Ed ora eccolo, un bell’episodio di fascismo, fascismo puro, a denominazione di origine controllata e garantita, quello del manganello e dell’olio di ricino. All’israeliano Shai Cohen è stato impedito di parlare in un’Università dello Stato, quella di Pisa, da un gruppo di teppisti di estrema sinistra, che hanno fatto uso di metodi di una violenza raccapricciante e ricorso a espressioni razziste e antisemite; e infine hanno rivendicato trionfalmente l’atto che ha «impedito che fosse data voce al rappresentante ufficiale di uno stato assassino». Le autorità accademiche hanno taciuto, non hanno chiamato la polizia, poi hanno deplorato, chiesto scusa, emesso comunicati, ma quel che dovevano davvero fare – riconvocare il seminario con tutte le garanzie – neppure a parlarne.

Ed anche questo è clima da anni venti, quando le squadracce nere picchiavano indisturbate, la polizia non interveniva o stava a guardare e le autorità dicevano che no, era un fenomeno marginale, che tutto era sotto controllo, e si defilavano vilmente.

Volevate tanto parlare di fascismo?
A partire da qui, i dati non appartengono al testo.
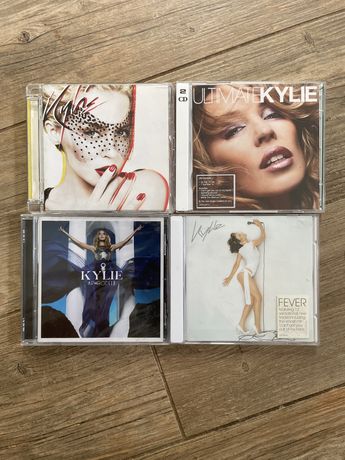 Kylie Minogue 5 płyt CD oryginalne stan bdb cena za komplet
Ecco, ora l’avete un episodio di fascismo puro, con tanto di cedimento alla Facta. Avete l’occasione d’oro di parlare di un fascismo indiscutibile. Finalmente ecco un vero esempio di emergenza democratica, la circostanza in cui mostrare che, se non è possibile impedire a priori l’atto squadrista, è fondamentale mostrare che ad esso non ci si piega. E invece no: soltanto borbottii imbarazzati e nessun atto concreto. Altro che “no pasaran”. Gli squadristi hanno vinto e sono passati.

Questa vicenda è, in primo luogo, la vergogna dell’università, del mondo accademico e intellettuale che ha soltanto dato mostra di pavidità, vigliaccheria, se non di vera e propria connivenza. In quale buco sono finiti i grandi campioni della libertà, coloro che tutti i giorni predicano di combattere per un paese libero, democratico, in cui a tutti sia consentito esprimersi liberamente? Pronti a stracciarsi le vesti al minimo sentore di discriminazione verso il mondo islamico, sono latitanti di fronte alla violenza subita dall’israeliano.

Ci dobbiamo chiedere poi cosa stia facendo il Ministro dell’Università. Non ha nulla da chiedersi e chiedere di fronte a quel che è accaduto nel settore di sua diretta competenza? Perché il signor Ministro, il Presidente della Conferenza dei Rettori e il Rettore dell’Università di Pisa non accompagnano di persona Shai Cohen, anche al rischio di prendersi qualche sputo o bastonata, a fare il suo seminario? Perché non lo fanno all’unico fine di dimostrare che questo è un paese democratico in cui non c’è spazio per lo squadrismo?

Last but not least, c’è l’aspetto politico. Questa vicenda è la vergogna e il disonore della sinistra italiana. Dove sono i dirigenti della sinistra? Dov’è l’onorevole D’Alema, che passa le sue giornate a prendersela con l’assassino Sharon e si adonta se lo si accusa di tendenziosità e di antisemitismo? Non era questa l’occasione d’oro per dimostrare che lui è persona equanime ed equilibrata, e per intervenire di persona a cancellare la macchia che ha imbrattato la città dei suoi antichi studi? E cosa fa Romano Prodi, nella sua duplice veste di professore e di leader del Gad? Lui, tanto solerte a nominare Tariq Ramadan – quel signore di cui ormai un libro ha mostrato il vero volto integralista e fanatico – membro del “gruppo dei saggi sul dialogo dei popoli e delle culture della Commissione Europea”, non trova un’oncia di fiato da sprecare per difendere i diritti dell’israeliano a parlare? L’Italia che ci promette è dunque il paese della diserzione di fronte allo squadrismo?

Non commentiamo infine, per rispetto alla decenza, il comportamento del gruppo consiliare di Rifondazione Comunista del Comune di Livorno, che ha rifiutato di votare una mozione di solidarietà a Shai Cohen, parlando di intervento che “avrebbe” impedito a Cohen di parlare e asserendo che “nessuno può trasformare un dissenso politico (sic!) in atto razzista”. Ci limitiamo a chiedere ai dirigenti della sinistra: è con questa gente che volete governare un paese democratico?

Forse il fascismo rosso non passerà, ma di certo non sarà merito di coloro che si fregiano ossessivamente della bandiera dell’antifascismo e che, in questa vicenda, si sono conquistati soltanto la palma del disonore.